Executive Summary
This report presents proprietary CRM data from Movingto's advisory practice covering April 2025 through March 2026. The data reveals three key patterns: a rapid doubling of American investor demand in the second half of 2025, a measurable post-election surge that has sustained into 2026, and a redistribution of programme demand away from Portugal's Golden Visa toward D7 and D8 pathways as legislative uncertainty around citizenship timelines persists.
About Movingto: Founded in 2021, Movingto is an investment migration advisory firm that has processed over 2,500 residency-by-investment applications with a 100% approval rate.
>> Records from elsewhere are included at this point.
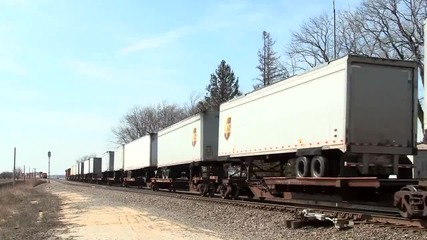 Bnsf 6229 West by the Ess Mored on 3-28-2013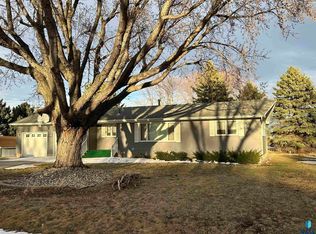 100 S Relanto St, Freeman, SD 57029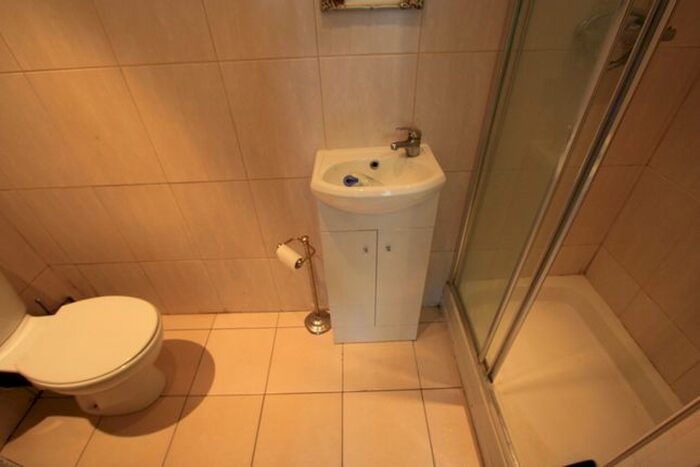 Studio To Rent In Riggindale Road, London, SW16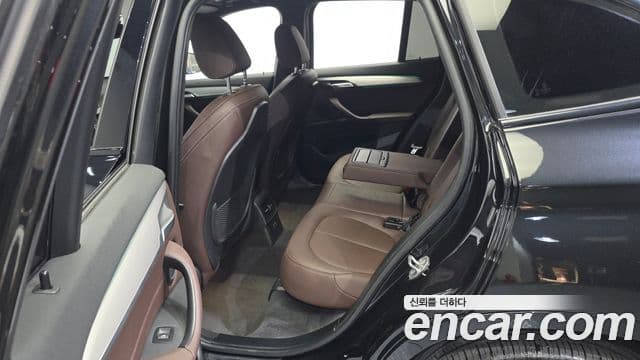BMW X1 2022 — Şəkil 12/20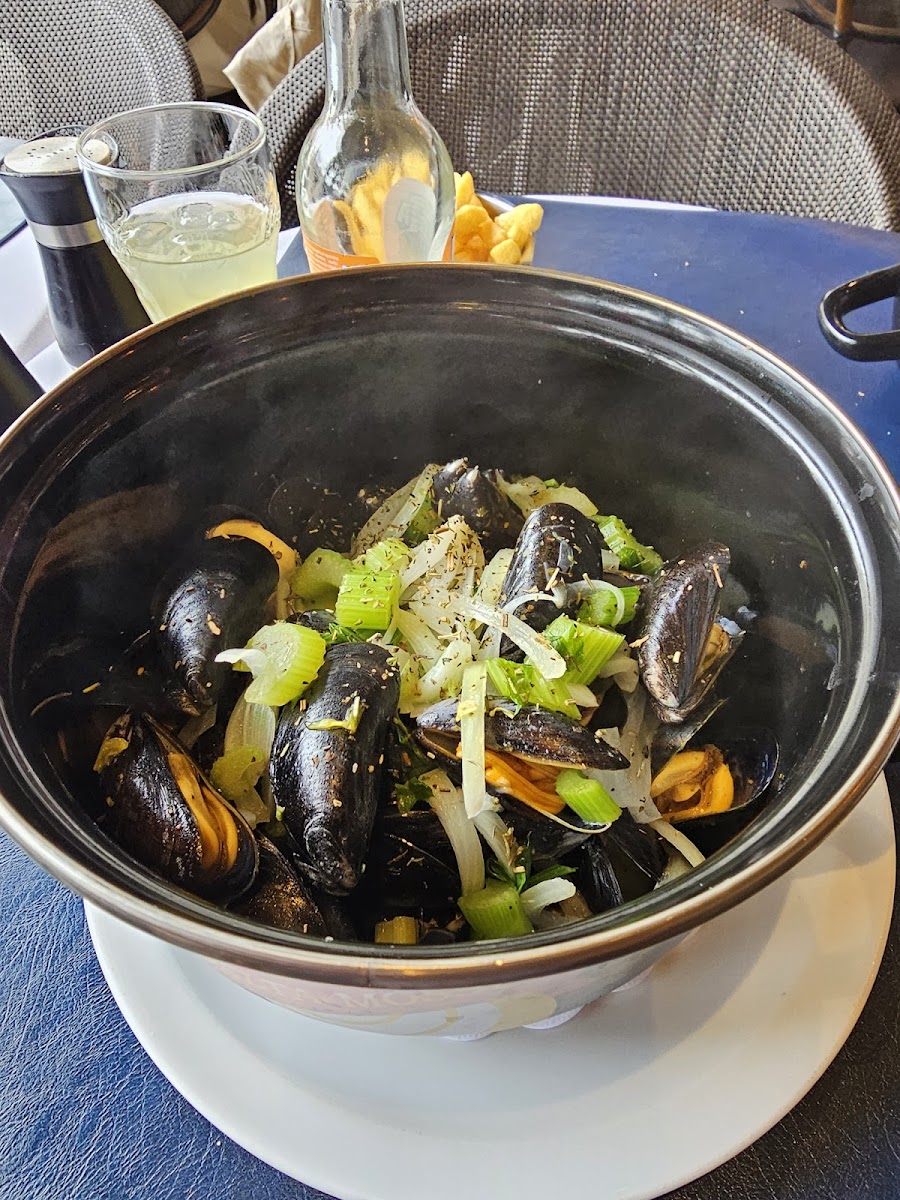 Mussel Mongers - Photo 3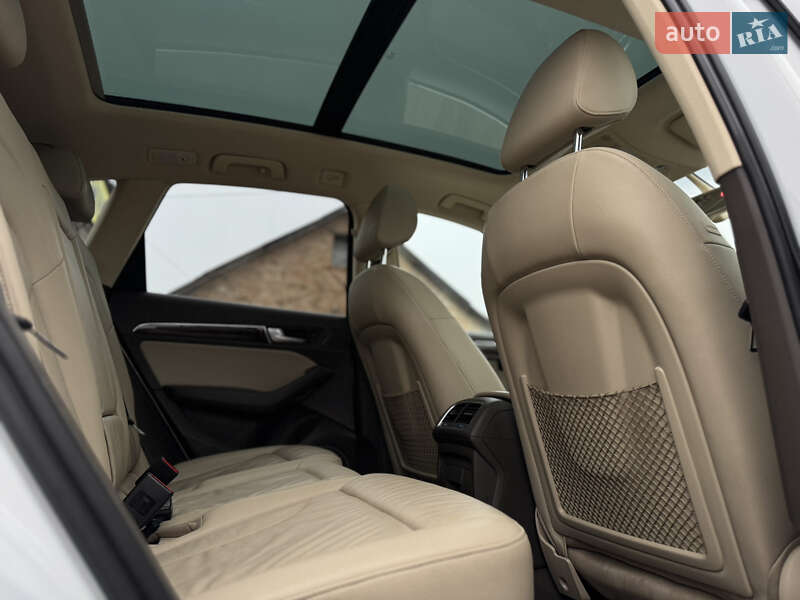 Внедорожник / Кроссовер Audi Q5 2016 в Умани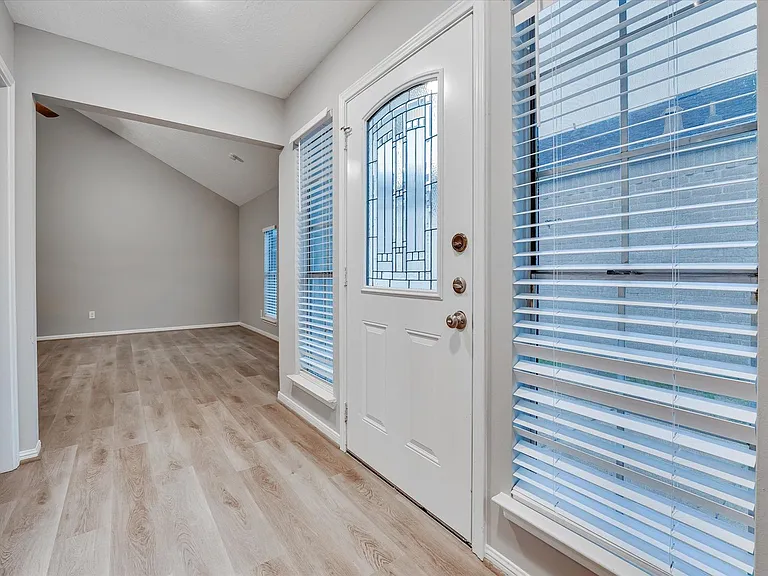 9407 Stockwell Dr — Photo 9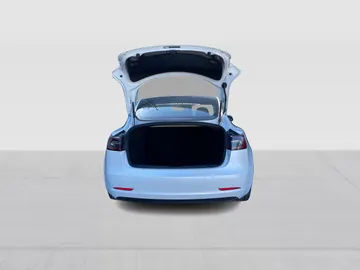 2020 Tesla Model 3 - image 14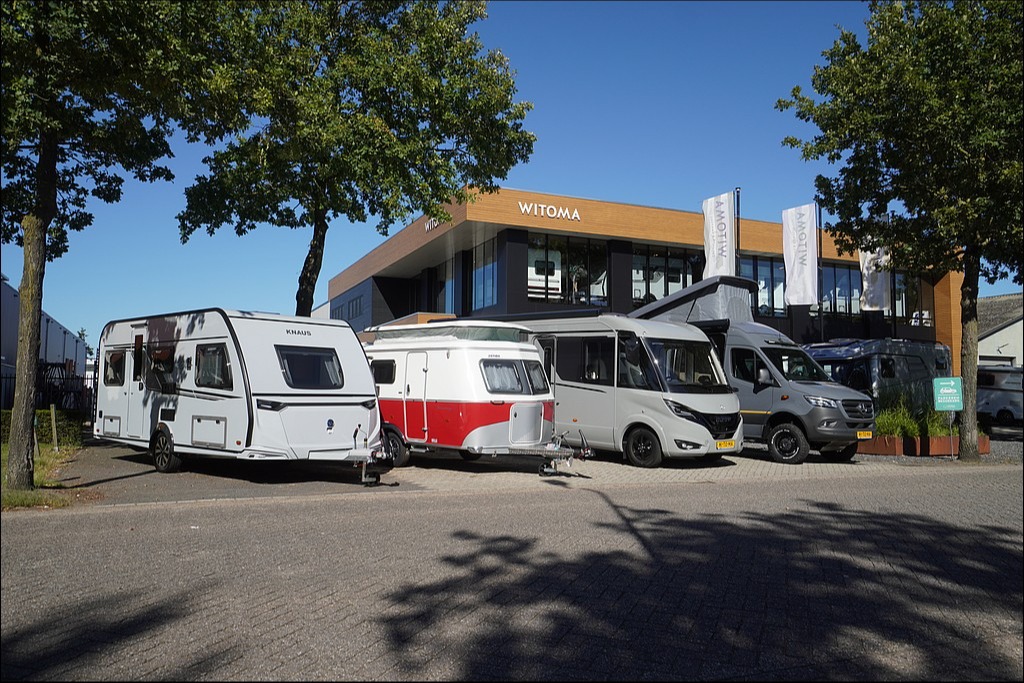 Eriba, Knaus  en Hymer op de oprit bij Witoma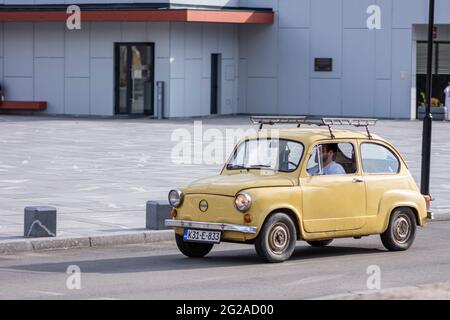 Vecchia auto con timer Zastava Fiat 500 in strada a Sarajevo, Bosnia-Erzegovina, 11 giugno 2020 Foto Stock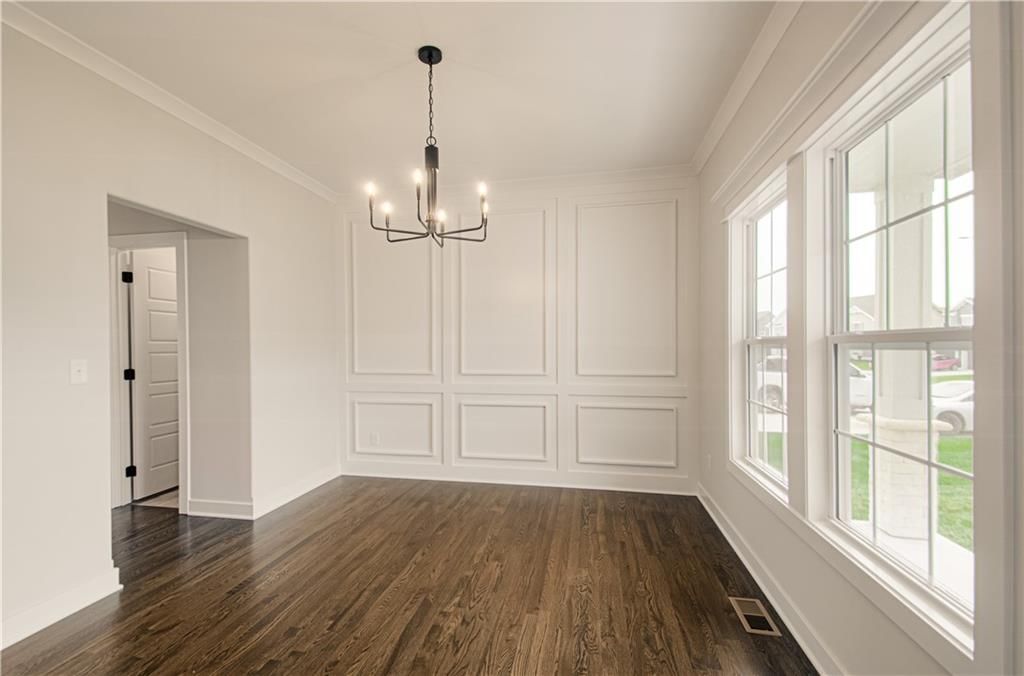 11821 N Wheeling Avenue — photo 13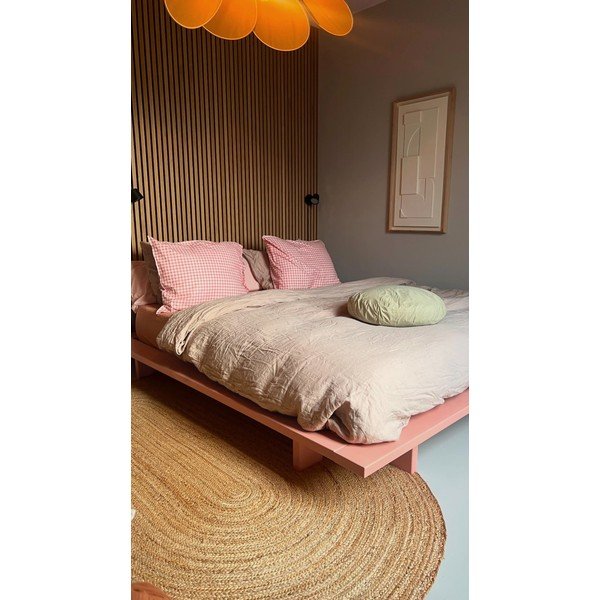 Heleroosa männipuidust kaheinimesevoodi koos voodipõhjaga 180x200 cm Japan - Karup Design-image-4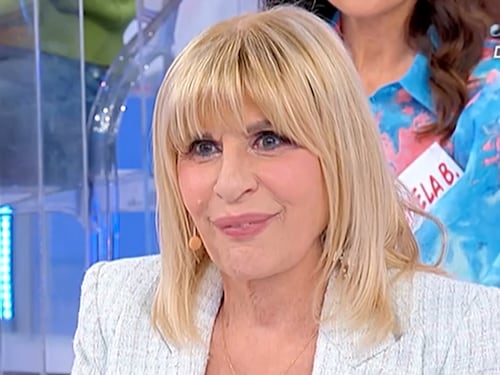 "L'ascella...", "Non leccare". Esterna a luci rosse tra Gemma e Silvio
The firm operates with licensed Portuguese legal counsel registered with the Portuguese Bar Association, including attorneys David Simões Fitas (reg. 67185P), Inês Cabral Almeida (reg. 61676P), and Paulo Moura (reg. 71517P). Country-level analysis in this report is based on approximately 1,600 leads with identified country attribution.
US Investor Demand: The Data
American investors represented the single largest source market for Movingto across the reporting period, accounting for 52% of all source-market enquiries over the last twelve months. In peak months, US enquiries comprised more than half of all incoming leads.
"The enquiries we're getting from Americans now are completely different from two years ago," says Dean Fankhauser, founder of Movingto. "Back then it was exploratory — people Googling 'how do I move to Portugal' and wanting a general overview. Now they come in with a US tax attorney already lined up, asking which funds are IRA-compatible and how the residency clock works. They've done the research. They just need execution."
The shift has been rapid. In the first half of 2025, American investors represented approximately 25% of Movingto's source-market enquiries in an earlier CRM system. By the second half of 2025 and into early 2026, under improved data capture in a new system, that figure had risen to 52%, with a peak of 55% in October 2025. While differences in data capture rates between systems may account for some of the increase, the monthly trend within the current system — where methodology is consistent — shows US share sustained above 33% for seven consecutive months, confirming the structural nature of the shift.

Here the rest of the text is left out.